**Instructions for the task**
Nothing outside the lines below from the one containing "Декол плямистоволий - ML644288331" through the one containing "X0000099430242200805091256" is to be printed; print those exactly, ends included, and drop the pictures.

**Material for this task**

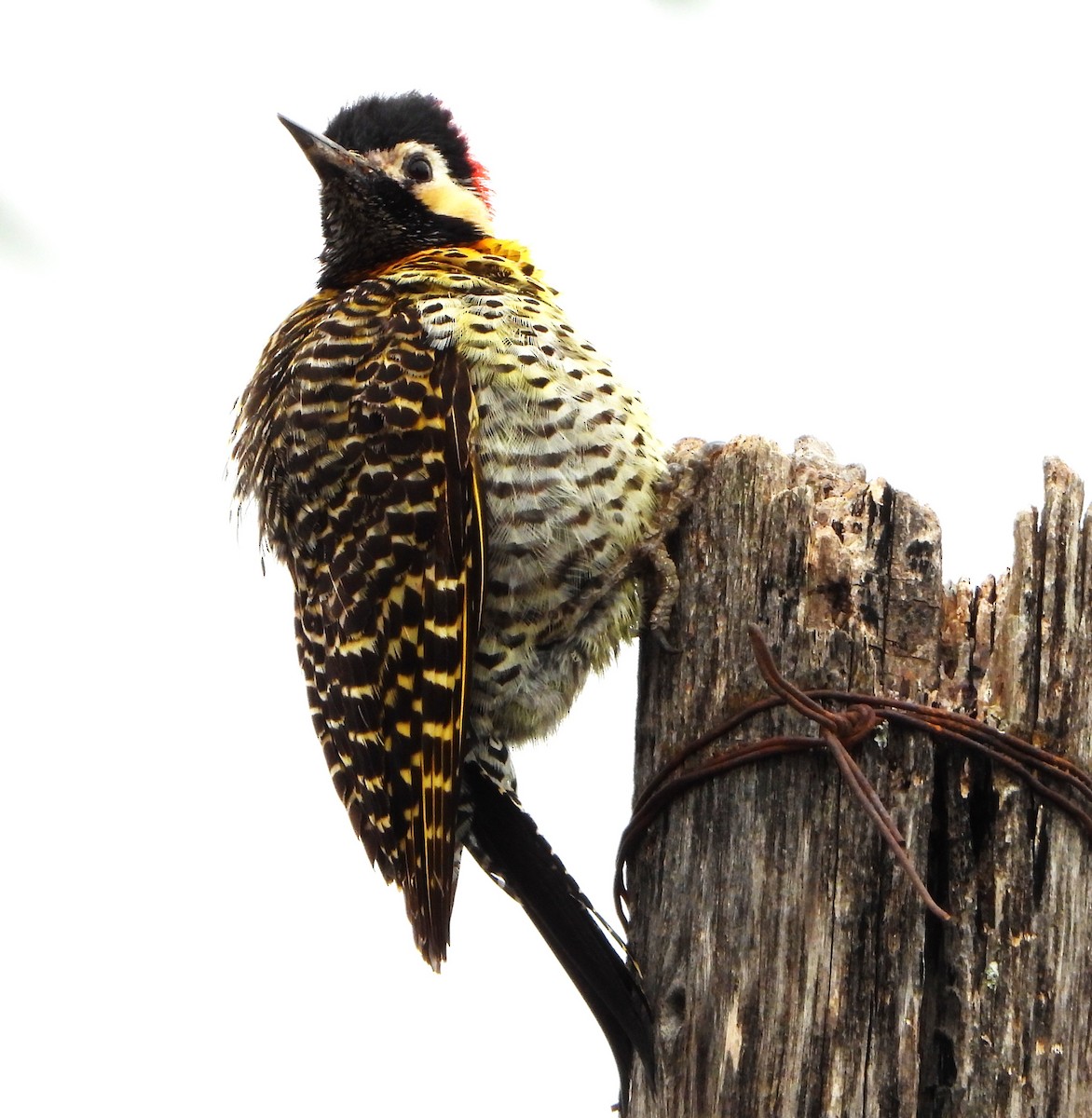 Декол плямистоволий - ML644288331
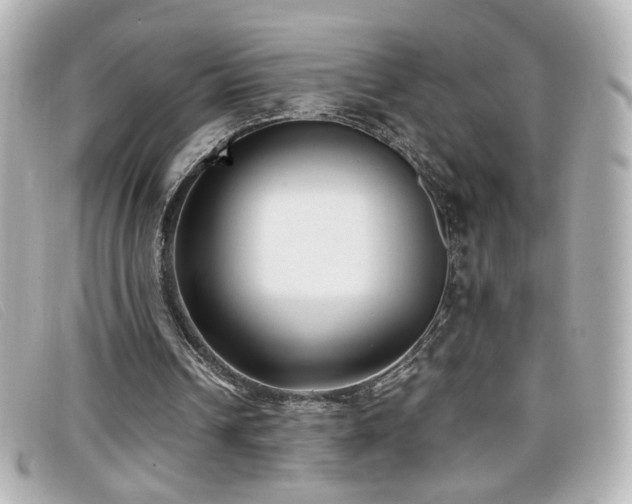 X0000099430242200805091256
---
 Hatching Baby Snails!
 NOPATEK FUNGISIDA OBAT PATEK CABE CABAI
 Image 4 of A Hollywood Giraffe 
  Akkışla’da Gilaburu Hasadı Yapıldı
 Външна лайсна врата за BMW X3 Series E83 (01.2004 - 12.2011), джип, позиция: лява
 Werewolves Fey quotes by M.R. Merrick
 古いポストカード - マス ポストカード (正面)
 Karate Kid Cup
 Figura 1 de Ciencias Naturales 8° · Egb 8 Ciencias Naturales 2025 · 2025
--
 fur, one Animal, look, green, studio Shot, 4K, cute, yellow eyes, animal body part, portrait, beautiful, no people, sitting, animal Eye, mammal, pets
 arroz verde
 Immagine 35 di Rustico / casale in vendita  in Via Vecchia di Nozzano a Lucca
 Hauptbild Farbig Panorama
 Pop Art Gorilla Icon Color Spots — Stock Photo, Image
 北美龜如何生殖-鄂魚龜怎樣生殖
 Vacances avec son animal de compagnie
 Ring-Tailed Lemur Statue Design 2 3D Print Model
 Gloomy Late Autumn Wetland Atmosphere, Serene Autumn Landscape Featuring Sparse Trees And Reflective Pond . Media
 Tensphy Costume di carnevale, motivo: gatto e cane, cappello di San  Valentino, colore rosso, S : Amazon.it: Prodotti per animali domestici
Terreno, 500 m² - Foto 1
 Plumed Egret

**Result for this exercise**
 Декол плямистоволий - ML644288331
 X0000099430242200805091256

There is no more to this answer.